Mulheres são maioria entre os endividados e minoria entre investidores do mercado financeiro. Essas são consequências da delegação do controle sobre o próprio recurso?

O Brasil é um país que não olha para educação financeira. E a gente sabe o quanto isso impacta e tem consequências na vida adulta. Uma pessoa que não tem nenhuma visão de finanças enquanto criança, quando chega na vida adulta, simplesmente recebe o dinheiro e gasta. Mesmo que fale que quando ganhar mais vai conseguir guardar, quando ela ganha mais ela gasta mais também. Mulheres já têm menos educação do que os homens quando a gente fala de finanças. Naturalmente, elas acabam também tendo a consequência de serem mais endividadas. As mulheres são responsáveis por 80% do consumo no Brasil. Tudo que há em uma casa, em uma família, normalmente são mulheres que decidem se vão comprar ou não, por isso somos consideradas superconsumistas. A gente precisa pensar que temos algumas coisas para consumir, mas refletir se aquilo é essencial. Quando a gente não olha para isso, só está gastando no cartão de crédito, a gente não está vendo o que está saindo pelo ralo. A gente precisa de um norte, do tipo “quero estudar fora do país”, “quero garantir os estudos dos meus filhos até X anos”. Coloque objetivos de médio prazo, de curto e de longo prazo, para que toda vez que for gastar lembre daquele objetivo, que seu propósito com o seu dinheiro é muito maior do que gastar de forma impulsiva. As comunicações, o próprio Instagram é feito para mulheres gastarem. A gente precisa de autoconhecimento.

Você que já assessorou muitas mulheres, o que percebeu naquelas que começaram a tomar conta das próprias finanças?

Elas passam a se tornar investidoras, olhando de médio e longo prazo, elas se sentem poderosas, sentem-se podendo tudo.
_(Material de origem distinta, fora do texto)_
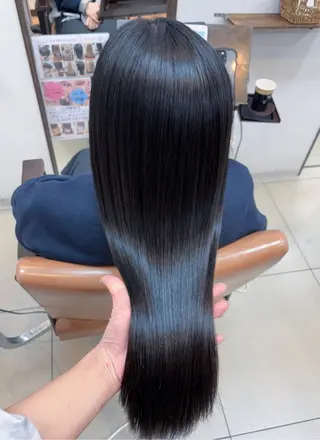 ロング カラー 頭皮×髪質改善 透明感カラー💎中村のヘアスタイル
É muito bacana a construção dessa mulher investidora. Quando a gente atinge uma meta, mesmo que pequena, o nosso cérebro manda para a gente uma mensagem. Esse estímulo te faz ganhar segurança e ver que você pode tomar decisões muito mais assertivas, ter uma liberdade. Porque o dinheiro te dá liberdade de escolher estar onde você quiser, escolher estar nesse emprego, escolher estar nesse casamento, escolher viajar para tal lugar. A questão de ter o poder da escolha traz uma visão completamente diferente. Investindo, elas sentem que estão no controle da própria vida.

Existe no mercado financeiro e na sociedade a ideia de que mulheres têm perfil de investimento mais conservador. Isso é verdade? Qual o perfil de fato que você observa nas mulheres?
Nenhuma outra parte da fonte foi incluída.